Escalation could also destabilize Afghanistan and heighten international terrorism risks. Were Pakistan to formally turn on the Taliban, Islamabad might create and arm anti-Taliban groups, target Taliban leaders, and even sponsor efforts to overthrow the Taliban regime. Fresh conflict in Afghanistan would fuel the violent and chaotic conditions that benefit militants there—including ISIS-K, which in recent years has staged attacks as far afield as Iran and Russia and had plots foiled in Europe and the United States.
Trouble on Pakistan’s western frontier could also cause problems on its eastern border. Pakistan has accused both the Taliban and India of sponsoring militant groups active in its territory. With surges in attacks in Pakistan coinciding with warming ties between India and the Taliban, Islamabad could very well accuse Kabul and New Delhi of collusion. Accordingly, Pakistan, through its own proxies, could look to lash out at India—and risk a fresh clash with its giant neighbor. After the two countries fought in May 2025, New Delhi warned that future terrorist attacks in India would be treated as acts of war.
SKIN IN THE GAME
Given the intransigence of both Pakistan and the Taliban, outside powers have struggled to lower tensions.
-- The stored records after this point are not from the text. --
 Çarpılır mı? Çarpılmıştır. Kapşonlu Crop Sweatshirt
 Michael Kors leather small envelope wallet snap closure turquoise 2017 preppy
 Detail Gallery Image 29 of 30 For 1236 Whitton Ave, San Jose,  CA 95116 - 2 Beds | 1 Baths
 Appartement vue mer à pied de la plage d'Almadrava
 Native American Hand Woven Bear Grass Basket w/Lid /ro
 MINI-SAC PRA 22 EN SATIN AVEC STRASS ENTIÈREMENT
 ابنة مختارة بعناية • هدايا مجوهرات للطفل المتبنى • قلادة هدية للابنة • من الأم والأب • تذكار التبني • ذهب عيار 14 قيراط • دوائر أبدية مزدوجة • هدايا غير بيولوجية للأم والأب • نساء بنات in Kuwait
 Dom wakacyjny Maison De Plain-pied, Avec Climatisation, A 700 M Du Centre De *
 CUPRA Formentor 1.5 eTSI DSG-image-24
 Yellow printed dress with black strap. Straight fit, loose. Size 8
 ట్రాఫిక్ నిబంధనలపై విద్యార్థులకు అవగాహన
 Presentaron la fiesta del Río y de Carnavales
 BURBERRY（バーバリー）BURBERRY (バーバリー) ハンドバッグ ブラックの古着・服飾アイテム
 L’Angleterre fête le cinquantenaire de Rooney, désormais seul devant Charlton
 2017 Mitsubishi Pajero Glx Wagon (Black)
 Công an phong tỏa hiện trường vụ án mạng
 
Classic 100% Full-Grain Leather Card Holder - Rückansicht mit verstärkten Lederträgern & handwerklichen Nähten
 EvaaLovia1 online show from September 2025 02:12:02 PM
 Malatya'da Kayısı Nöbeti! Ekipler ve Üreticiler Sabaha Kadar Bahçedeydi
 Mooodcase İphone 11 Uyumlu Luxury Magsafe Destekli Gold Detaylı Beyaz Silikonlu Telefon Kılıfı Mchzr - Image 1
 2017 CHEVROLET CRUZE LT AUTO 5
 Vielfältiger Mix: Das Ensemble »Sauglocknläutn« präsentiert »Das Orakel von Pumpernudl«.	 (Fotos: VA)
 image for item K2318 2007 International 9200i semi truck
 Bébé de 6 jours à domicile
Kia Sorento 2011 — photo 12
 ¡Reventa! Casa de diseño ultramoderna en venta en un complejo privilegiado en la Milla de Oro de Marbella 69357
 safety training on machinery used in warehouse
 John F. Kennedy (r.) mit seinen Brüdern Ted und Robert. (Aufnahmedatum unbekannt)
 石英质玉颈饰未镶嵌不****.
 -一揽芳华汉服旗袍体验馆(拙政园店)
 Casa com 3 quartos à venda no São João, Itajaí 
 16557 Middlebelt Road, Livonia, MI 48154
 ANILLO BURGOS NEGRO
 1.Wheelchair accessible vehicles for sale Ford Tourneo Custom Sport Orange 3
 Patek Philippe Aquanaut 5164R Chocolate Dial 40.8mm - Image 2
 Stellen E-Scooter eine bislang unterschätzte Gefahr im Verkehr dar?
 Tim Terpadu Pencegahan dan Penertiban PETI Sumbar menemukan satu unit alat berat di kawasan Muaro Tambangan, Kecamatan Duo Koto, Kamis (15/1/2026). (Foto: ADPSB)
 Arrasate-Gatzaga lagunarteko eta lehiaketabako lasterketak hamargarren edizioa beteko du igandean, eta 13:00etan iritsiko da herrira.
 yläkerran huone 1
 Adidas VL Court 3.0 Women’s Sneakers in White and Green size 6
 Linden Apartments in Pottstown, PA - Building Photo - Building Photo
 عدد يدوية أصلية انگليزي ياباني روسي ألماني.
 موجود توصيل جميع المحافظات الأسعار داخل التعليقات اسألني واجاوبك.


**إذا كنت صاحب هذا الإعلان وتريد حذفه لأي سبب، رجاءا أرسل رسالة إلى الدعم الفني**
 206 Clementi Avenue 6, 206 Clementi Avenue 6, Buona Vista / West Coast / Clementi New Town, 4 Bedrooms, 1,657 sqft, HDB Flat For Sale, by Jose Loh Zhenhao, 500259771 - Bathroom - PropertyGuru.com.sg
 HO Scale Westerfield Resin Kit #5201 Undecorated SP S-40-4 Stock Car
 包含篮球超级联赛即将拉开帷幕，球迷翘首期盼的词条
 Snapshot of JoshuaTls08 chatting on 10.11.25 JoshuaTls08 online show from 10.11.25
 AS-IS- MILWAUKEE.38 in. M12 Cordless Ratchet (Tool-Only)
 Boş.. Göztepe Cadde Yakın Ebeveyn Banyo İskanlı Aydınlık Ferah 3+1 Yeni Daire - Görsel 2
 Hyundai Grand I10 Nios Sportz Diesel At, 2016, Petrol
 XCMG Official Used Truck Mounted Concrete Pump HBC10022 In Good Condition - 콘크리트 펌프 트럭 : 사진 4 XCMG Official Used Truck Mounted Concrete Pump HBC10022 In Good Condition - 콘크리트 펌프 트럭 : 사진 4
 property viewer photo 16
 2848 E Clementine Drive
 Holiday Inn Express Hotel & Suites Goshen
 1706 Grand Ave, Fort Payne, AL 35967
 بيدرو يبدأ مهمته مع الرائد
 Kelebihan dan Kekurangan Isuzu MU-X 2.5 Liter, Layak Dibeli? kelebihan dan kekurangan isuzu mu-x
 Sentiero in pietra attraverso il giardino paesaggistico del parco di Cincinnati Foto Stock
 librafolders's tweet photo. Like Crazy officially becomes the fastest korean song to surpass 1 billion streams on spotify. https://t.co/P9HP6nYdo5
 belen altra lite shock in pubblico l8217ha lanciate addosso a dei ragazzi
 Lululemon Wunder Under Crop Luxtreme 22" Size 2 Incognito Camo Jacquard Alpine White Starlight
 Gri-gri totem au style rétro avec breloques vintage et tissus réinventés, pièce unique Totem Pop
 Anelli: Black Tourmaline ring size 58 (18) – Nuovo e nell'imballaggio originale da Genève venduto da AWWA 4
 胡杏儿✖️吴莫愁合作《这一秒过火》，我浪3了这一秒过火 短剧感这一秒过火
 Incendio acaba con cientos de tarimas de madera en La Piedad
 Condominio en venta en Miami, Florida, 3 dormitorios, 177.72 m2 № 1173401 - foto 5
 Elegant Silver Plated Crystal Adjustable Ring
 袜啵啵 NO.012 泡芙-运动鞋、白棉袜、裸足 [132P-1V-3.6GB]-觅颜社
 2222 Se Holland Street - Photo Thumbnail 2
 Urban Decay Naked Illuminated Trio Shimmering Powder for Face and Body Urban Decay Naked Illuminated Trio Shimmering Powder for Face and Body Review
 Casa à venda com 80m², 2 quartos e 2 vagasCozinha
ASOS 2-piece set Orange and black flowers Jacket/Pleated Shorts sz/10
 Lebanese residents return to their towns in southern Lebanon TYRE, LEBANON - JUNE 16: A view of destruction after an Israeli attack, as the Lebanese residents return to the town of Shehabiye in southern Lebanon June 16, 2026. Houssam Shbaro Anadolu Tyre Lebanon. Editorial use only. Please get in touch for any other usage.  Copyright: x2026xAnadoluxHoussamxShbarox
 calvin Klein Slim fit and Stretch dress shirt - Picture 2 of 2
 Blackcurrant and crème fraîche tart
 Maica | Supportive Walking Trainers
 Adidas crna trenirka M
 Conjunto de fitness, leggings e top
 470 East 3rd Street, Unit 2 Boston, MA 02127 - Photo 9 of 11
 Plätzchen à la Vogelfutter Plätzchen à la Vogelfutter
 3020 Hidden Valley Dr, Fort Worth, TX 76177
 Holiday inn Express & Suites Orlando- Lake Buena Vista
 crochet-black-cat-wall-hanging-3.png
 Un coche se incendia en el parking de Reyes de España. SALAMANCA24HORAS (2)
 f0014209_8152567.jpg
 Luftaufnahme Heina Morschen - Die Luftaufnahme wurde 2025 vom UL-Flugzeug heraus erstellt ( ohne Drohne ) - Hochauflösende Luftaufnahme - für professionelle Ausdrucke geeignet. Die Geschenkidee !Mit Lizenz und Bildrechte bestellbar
The efforts of the Qataris, the Saudis, and the Turks—which Pakistan has welcomed—have produced only limited negotiation achievements, with the two sides agreeing to uphold a cease-fire. China may be the best bet for an external mediator. It has skin in the game (the TTP has attacked Chinese nationals and investments in Pakistan), leverage (the Taliban seek Chinese capital for infrastructure investments), and precedent (in August 2025, Chinese Foreign Minister Wang Yi met with his Taliban and Pakistani counterparts in Kabul, and Wang pledged to work with Islamabad and Kabul to tackle terrorism). Beijing has called for de-escalation and dialogue. The Taliban, however, may not see China as a neutral intermediary, owing to China’s deep alliance with Pakistan.
As a result, greater strife between Afghanistan and Pakistan remains a distinct possibility. Such a conflict could be bloody, displace thousands of people, destabilize the broader region, and spur global terrorism. The world can’t afford to look away.